- WHAT THIS TASK INVOLVES -
Here the job is to retype the data word for word while leaving the pictures aside.
☆ ☆ ☆ ☆ ☆
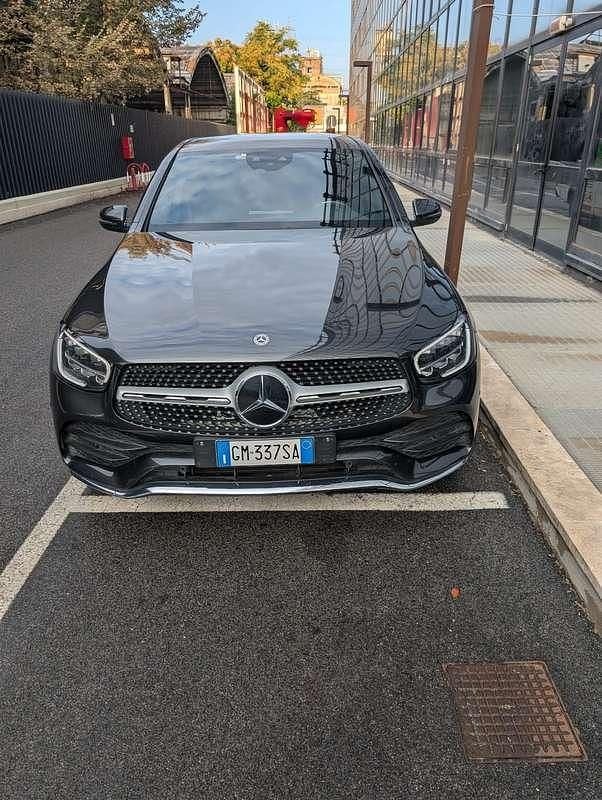 Usata Mercedes GLC300 Premium 245 CV (180 kW) 2020 Nero SUV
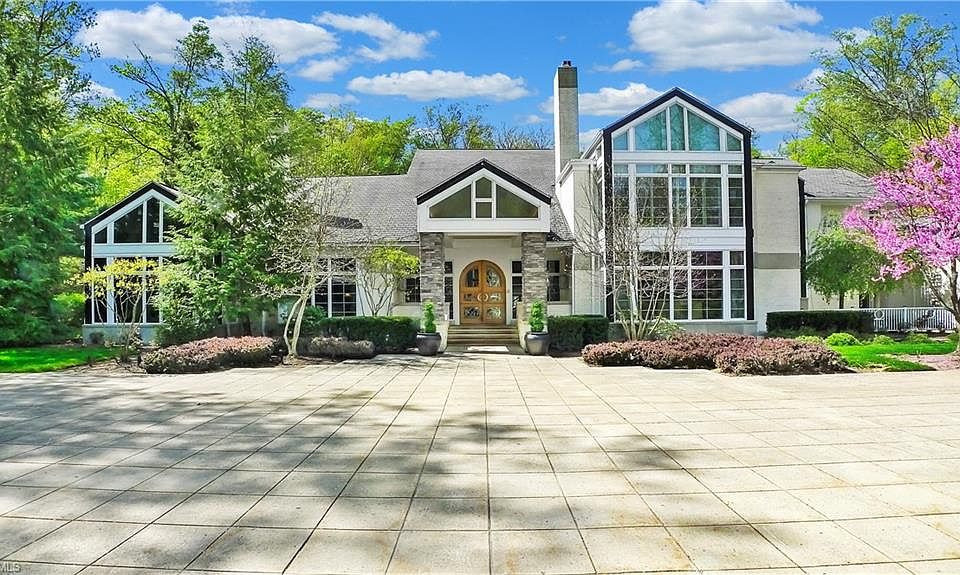 1st image of 6785 Gates Mills Blvd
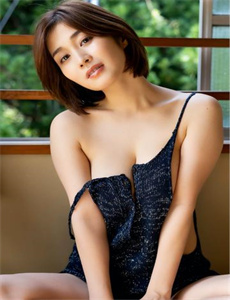 《国产精品自在自线视频-爱男孩图片》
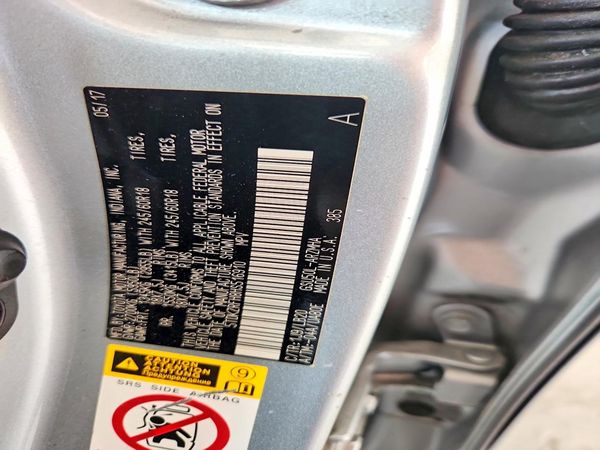 2017 TOYOTA HIGHLANDER SE/XLE — VINS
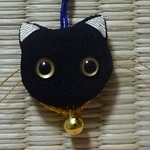 ちりめん根付け　ねこ  (黒猫) 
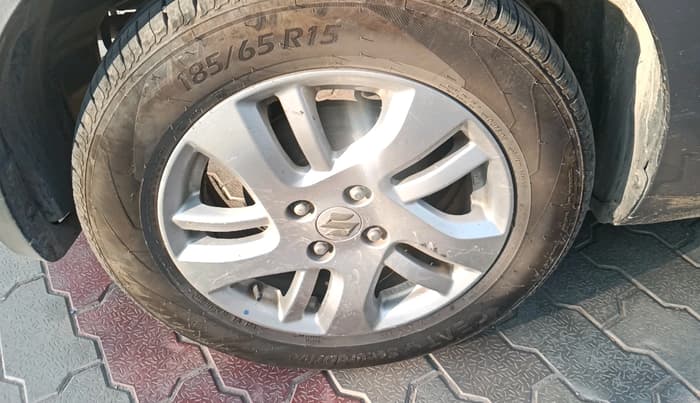2014 Maruti Swift Dzire ZXI, Petrol, Manual, 1,00,191 km, tyre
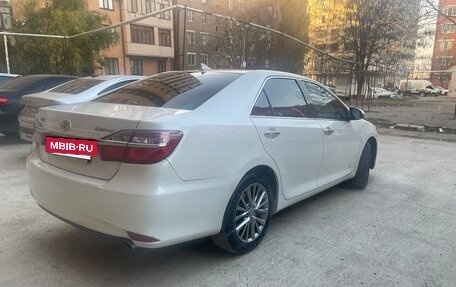 Toyota Camry, 2016 год, 1 870 000 рублей, 4 фотография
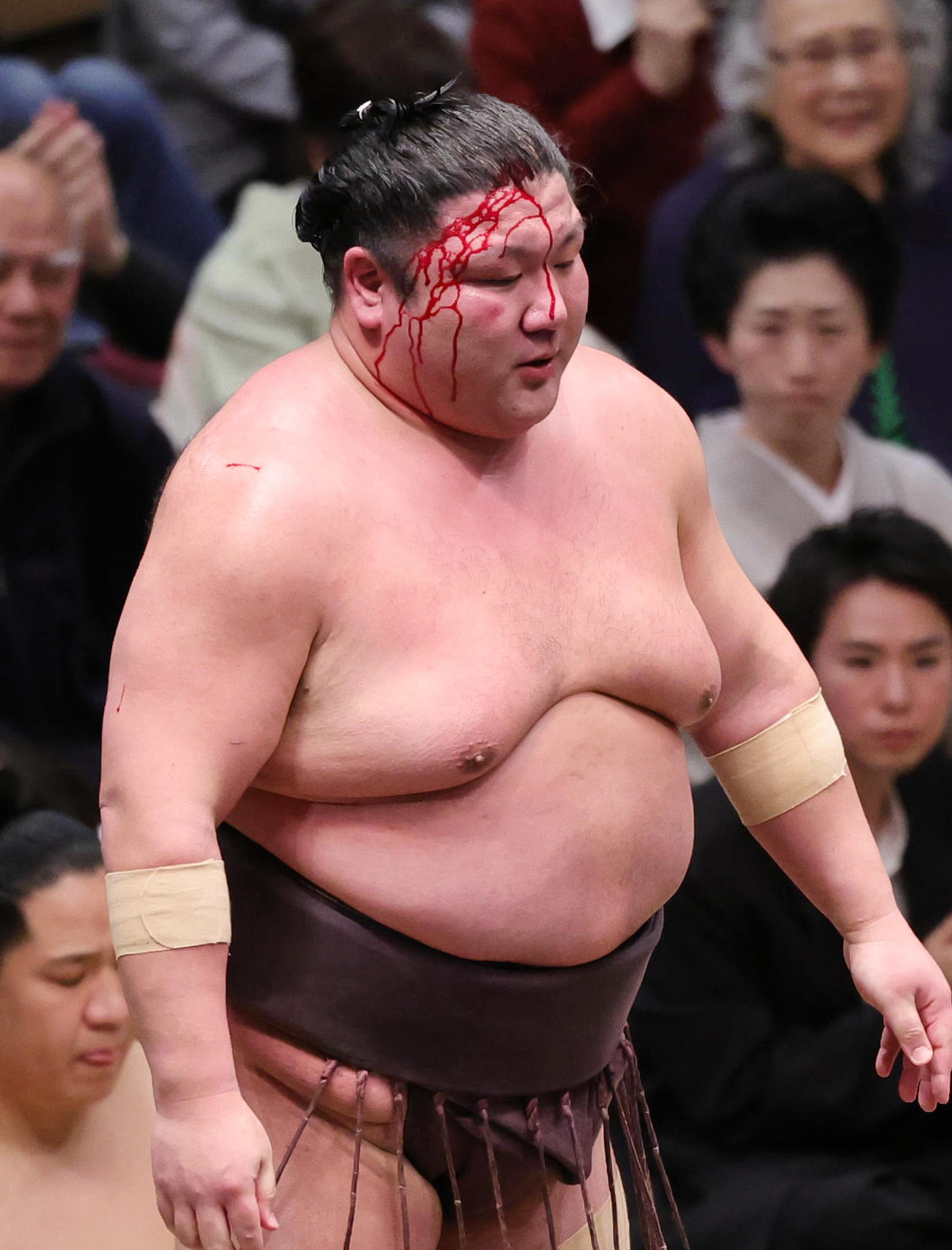 輝に寄りきりで敗れた紫雷は流血（撮影・野上伸悟）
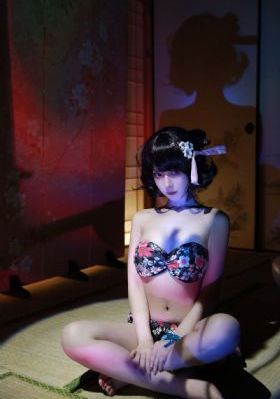 实拍网暴门视频网观看_剧情片高清视频观看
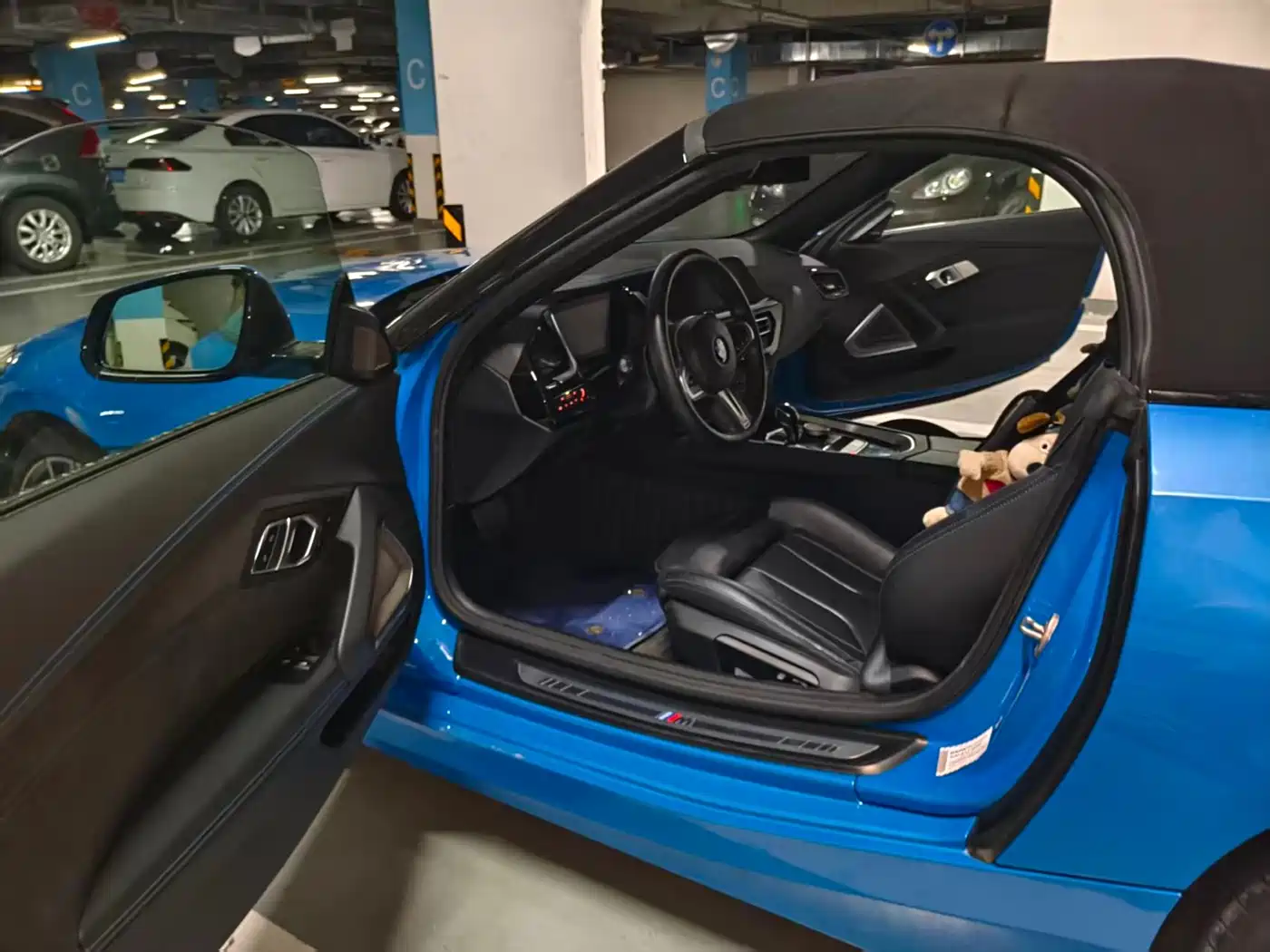 BMW Z4 2023 2022 sDrive 25i M Sport Package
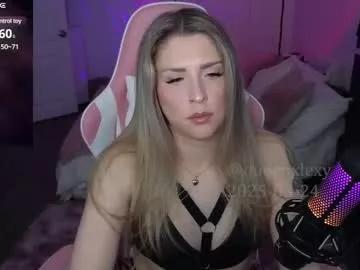queenx_lexy from Chaturbate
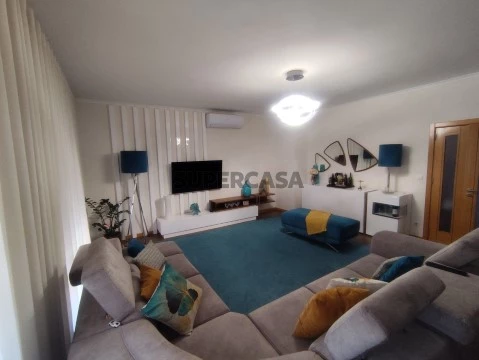 Apartamento T4 na Rua das Flores, Tarouca, Tarouca
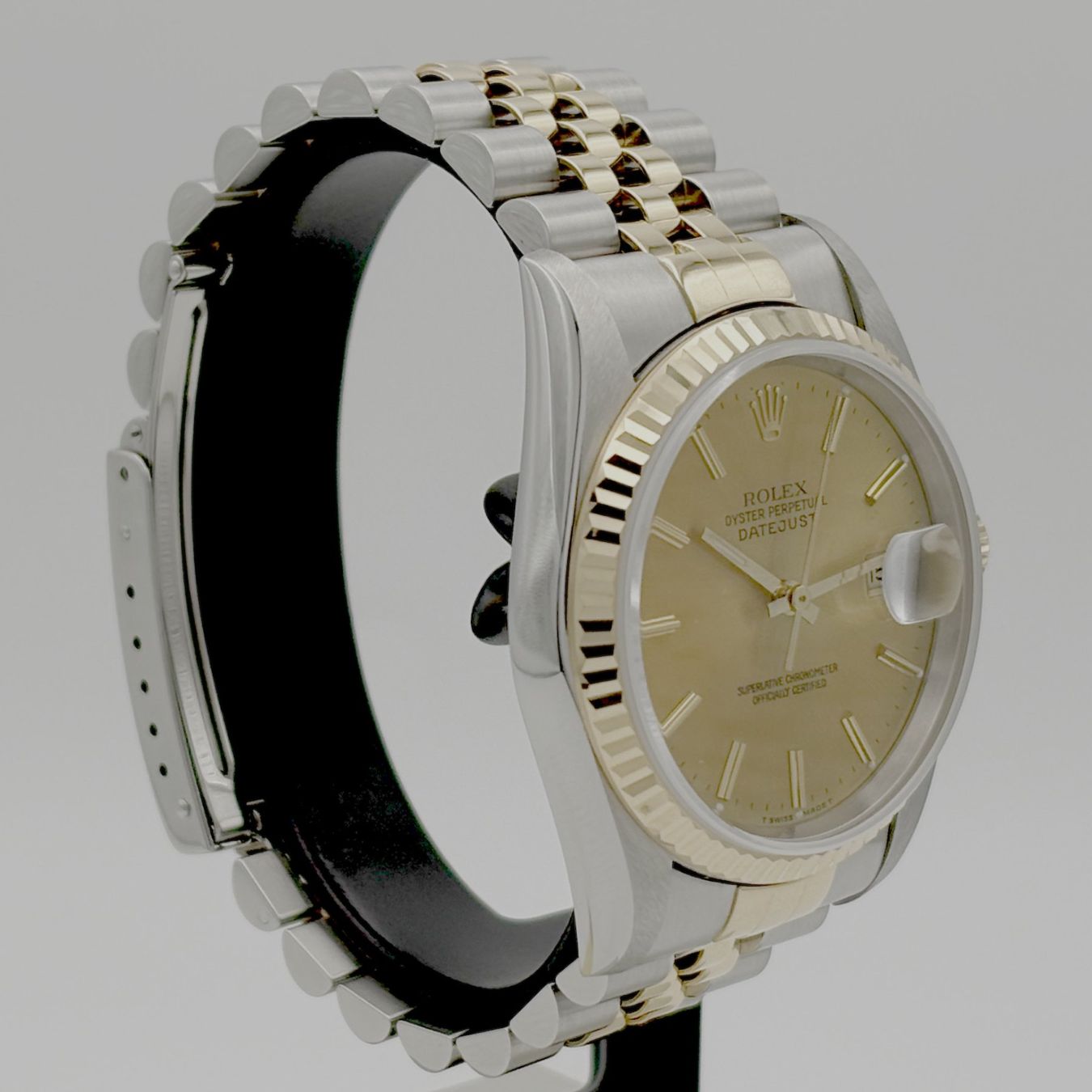 Rolex Orologi: Rolex Datejust 36 mit Box und Papieren – Usato da Tuttwil venduto da watchmaster2025 4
☆ ☆ ☆ ☆ ☆
- RESULT -
 Usata Mercedes GLC300 Premium 245 CV (180 kW) 2020 Nero SUV
 1st image of 6785 Gates Mills Blvd
 《国产精品自在自线视频-爱男孩图片》
 2017 TOYOTA HIGHLANDER SE/XLE — VINS
 ちりめん根付け　ねこ  (黒猫) 
2014 Maruti Swift Dzire ZXI, Petrol, Manual, 1,00,191 km, tyre
 Toyota Camry, 2016 год, 1 870 000 рублей, 4 фотография
 輝に寄りきりで敗れた紫雷は流血（撮影・野上伸悟）
 实拍网暴门视频网观看_剧情片高清视频观看
 BMW Z4 2023 2022 sDrive 25i M Sport Package
queenx_lexy from Chaturbate
 Apartamento T4 na Rua das Flores, Tarouca, Tarouca
 Rolex Orologi: Rolex Datejust 36 mit Box und Papieren – Usato da Tuttwil venduto da watchmaster2025 4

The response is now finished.